Hanes et al evaluated critically ill trauma patients in the ICU for risk factors associated with thrombocytopenia. These can help identify patients who should be monitored more closely for thrombocytopenia. The authors are from the University of Tennessee in Memphis and Kettering Medical Center in Dayton.


Definition of thrombocytopenia: platelet count < 100,000 per µL



(1) previous history of thrombocytopenia

(2) hypersplenism

(3) platelet count < 100,000 per µL when admitted to the ICU

(4) mechanical heart valve

(5) cardiopulmonary bypass during surgery


Risk factors for thrombocytopenia identified on multivariate analysis:

(1) presence of nonhead injury (not head injury only - patients with head injury only have less bleeding than if there is non-head injury)

(2) age (about a third of patients < 50 developed thrombocytopenia vs three quarters of those >= 50 years of age)

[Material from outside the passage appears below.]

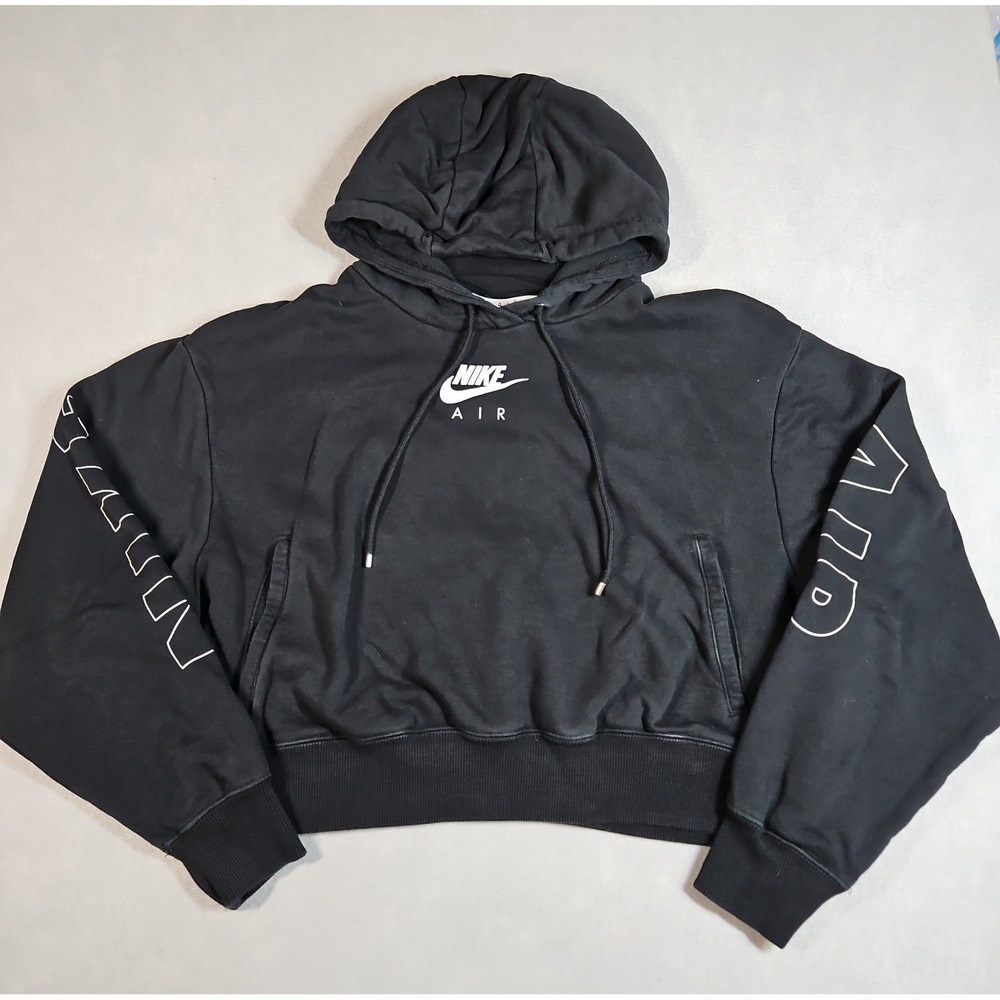 Nike Air Womens Black Cropped Pullover Hoodie Size Medium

• Thrombocytopenia was associated with a higher Trauma Score (odds ratio 1.36, which is low). The authors ascribed this to the weighting for the Glasgow Coma Score, which would give a patient with a head injury a lower score. However, since the Trauma Score is intended for triage it may have little relevance for patients in the ICU. I would think the admitting APACHE and daily scores would be more informative.


Additional factors:

(1) Dilutional coagulopathy following transfusion with a large volume of packed RBCs without platelet transfusion. The need for transfusion tended to parallel the seriousness of nonhead injury.

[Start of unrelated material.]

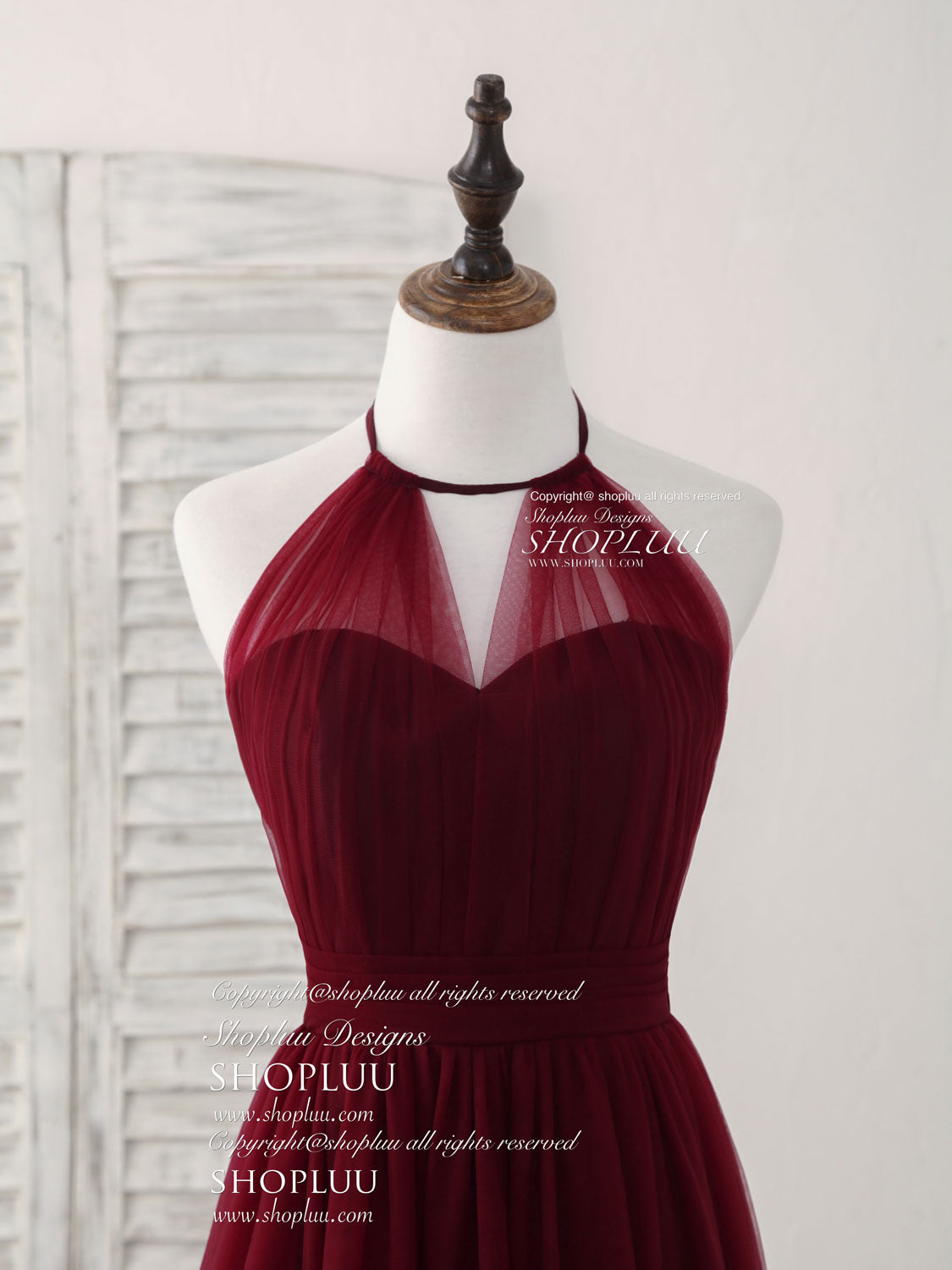 Elegant Burgundy Tulle Long Prom Dress for Women - A-Line Formal Evening Gown for Bridesmaids, Homecoming, Ball Gown & Special Occasions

(2) The development of DIC would be associated with thrombocytopenia. Criteria for DIC were given but DIC is not listed in the results of univariate analysis in Table 1 (page 287). The definition of DIC (PT > 12.4 seconds, fibrinogen < 200 mg/dL, fibrin split products > 0.4 µg/mL, and oozing from wounds) was not as stringent as I have seen elsewhere and which would combine both mild, moderate and severe forms.


Drug-induced thrombocytopenia was not an important cause, so that there is not usually a need to discontinue or switch medications. An exception to this might be if the person was receiving a drug that had caused thrombocytopenia in the past.